US9620872B2 - Magnetic connector structure

Info

Publication number: US9620872B2
Application number: US13/861,815
Authority: US
Inventors: Ching-Yu Lin
Original assignee: Dongguan CCP Contact Probes Co Ltd
Current assignee: Dongguan CCP Contact Probes Co Ltd
Priority date: 2012-07-09
Filing date: 2013-04-12
Publication date: 2017-04-11
Anticipated expiration: 2033-04-12
Also published as: CN102723640B; CN102723640A; US20140011375A1

Abstract

The invention relates to a magnetic connector, in particular to a structure for placing a magnet therein. In order to make the design on the size of the magnet free from the restraint on the standard of connection surfaces, a magnetic connector structure is provided. The magnetic connector structure is provided with a connection surface, conductive terminals (2), an inner cavity and a magnet (6), the connection surface comprising a terminal area and a magnetic area, wherein the magnet (6) is arranged in an inner cavity (10), and a magnetic conductive block is further provided for conducting the magnetic force of the magnet (6) to the magnetic area.

Description

TECHNICAL FIELD OF THE INVENTION

The invention relates to a magnetic connector, in particular to a structure for placing a magnet therein.

BACKGROUND OF THE INVENTION

There have been structures for avoiding two paired connectors being disconnected after connected by magnetic force. For example, the connection surface of a female connector comprises a terminal area and a magnetic area, the magnetic area is provided with a magnet, and a male connector is provided with an iron shell. The male connector and the female connector are in the connected state when the conductive terminals thereof contact with each other. At this time, the connection surfaces of the male connector and the female connector are fitted with each other, the portion of the iron shell located on the connection surface contacts the magnet, so that the iron shell is adsorbed by the magnet, in this way, the male and female connectors are unlikely to disconnect from each other.
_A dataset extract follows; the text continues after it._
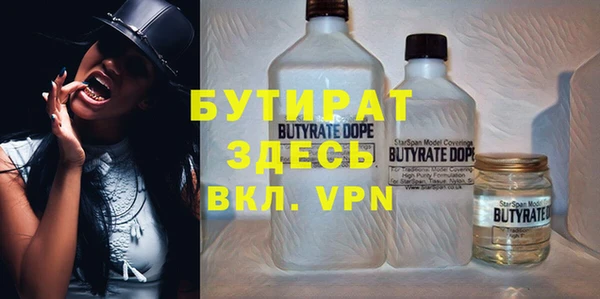 метамфетамин Рославль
In order to dispose an N pole and an S pole at different positions on the connection surface, at least two magnets, of which one is used as the N pole on the connection surface while the other is used as the S pole on the connection surface, are required.

The portion of the connection surfaces of connectors is required to be standardized in industrialized production, and the length and width of the connection surface and the arrangement of conductive terminals are strictly restricted in design by relevant standards. For magnetic connectors, when the magnetic force is to be enhanced, the design on the size of magnets will get into trouble due to the restraint on the standard of connection surfaces.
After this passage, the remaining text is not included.